Machado, outros séculos de paz em seu descanso.
Rosa, muitos outros centenários de lembranças e homenagens.
Aqui vai o meu agradecimento a dois escritores que fizeram toda a diferença em minha vida.

segunda-feira, 11 de fevereiro de 2008

Crônica

Como eu havia dito, aqui será um espaço também para mostrar alguns dos meus textos. Inaugurando, a primeira crônica minha publicada no jornal O Popular, em novembro do ano passado.



Dona Luísa, Seu Onofre


A risadinha banguela era sempre protegida com a mão, assim como o cabelinho estava sempre debaixo de um lenço estampado. Miudinha, Dona Luísa transpirava inocência. Destas inocências que a gente não encontra mais. Destas inocências em extinção, que não se sabem sequer inocentes. Ela tinha um chinelo velho, mas muitas vezes dava milho às galinhas, descalça mesmo, se unindo mais uma vez a uma terra que ela sabia cuidar. Dona Luísa tinha boa mão para a horta, para a criação.

Na época que Dona Luísa habitava uma casa que um dia tinha sido caiada de branco, com piso de chão batido, a menos de um quilômetro dela, do outro lado do córrego vivia Seu Onofre. Ao chegar na casa dele, lá onde sempre havia uma doce água de moringa e um bom dedo de prosa para oferecer, Seu Onofre vivia com sua velha esposa e duas irmãs que todos ali chamavam de "bobas". Mas era um adjetivo sem ofensa, sem maldade. Não tinha disso ali não.
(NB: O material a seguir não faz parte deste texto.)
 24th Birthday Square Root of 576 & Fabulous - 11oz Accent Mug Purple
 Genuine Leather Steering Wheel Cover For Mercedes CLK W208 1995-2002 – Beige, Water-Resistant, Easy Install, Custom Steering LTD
O ambiente era doce. Doce pelo reinado de uma certa resignação construída em uma vida dura, sem luz, sem grandes confortos. Mas também doce porque Seu Onofre fabricava rapaduras. Um melado dourado, mágico. "Decepar a cana, recolher a garapa da cana." Era este o ofício de beleza que ele tinha. As rapaduras de Seu Onofre eram famosas.
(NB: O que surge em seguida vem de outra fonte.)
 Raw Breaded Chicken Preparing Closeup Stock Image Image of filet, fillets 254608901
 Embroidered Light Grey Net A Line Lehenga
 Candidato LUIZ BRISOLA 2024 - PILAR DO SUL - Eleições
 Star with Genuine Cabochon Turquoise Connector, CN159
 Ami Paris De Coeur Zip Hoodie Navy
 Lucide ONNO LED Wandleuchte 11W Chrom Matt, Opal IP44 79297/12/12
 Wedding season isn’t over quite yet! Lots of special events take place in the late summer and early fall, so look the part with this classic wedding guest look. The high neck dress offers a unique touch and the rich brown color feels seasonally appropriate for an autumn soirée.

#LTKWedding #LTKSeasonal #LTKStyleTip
E dona Luísa já adoçou muito café com elas. E com ele já conversou muito sobre o passado, sobre os conhecidos que sumiram, sobre os pais que morreram, sobre tempos pretéritos e preocupações mais ou menos presentes. Ambos tinham no rosto a marca do tempo e da força que fizeram para viver. Ambos carregavam cicatrizes de perdas, o peso de lembranças boas e más. Dona Luísa e seu Onofre viveram seu tempo. Não estão mais aqui. Suas casas velhas têm outra ocupação hoje. Mas deixaram algo além de descendências. Os dois ficaram na lembrança de mais alguém, que ainda menino se encantava com aqueles dois. Com dona Luísa ainda mais. Ela que adorava cumprir grandes distâncias a pé e andava ligeira que ela só. Dona Luísa que oferecia a quem gostava gestos de carinho, como reservar os melhores ovos de suas galinhas poedeiras, a melhor hortaliça. Dona Luísa que cedinho estava no curral ajudando a apartar bezerros, que cozinhava para os homens da casa que trabalhavam na roça.

Dona Luísa, Seu Onofre. Que Deus os tenha. E que Ele nunca jogue fora a forma em que fez gente como vocês.

domingo, 10 de fevereiro de 2008

Estréia

Oi, gente. Quer dizer, nem sei se alguém vai ler isso aqui... Mas se ler, estou estreando meu blog e espero que ao menos os amigos dêem uma passada por aqui de vez em quando para perder um pouco de tempo comigo. Idéias, reflexões, comentários, algumas crônicas. Não prometo muito mais que isso não. Prometo ser sincero no que escrever. Isso eu posso assegurar. Se terá relevância ou não, aí caberá a cada um julgar. E se não tiver, não tem problema. O mais importante é se expressar. E é isso que quero fazer aqui, compartilhar este direito de me expressar com outras pessoas. E que as outras pessoas se sintam totalmente à vontade para fazer o mesmo neste nosso pequeno espaço na rede. Por enquanto é isso. Mas em breve haverá mais.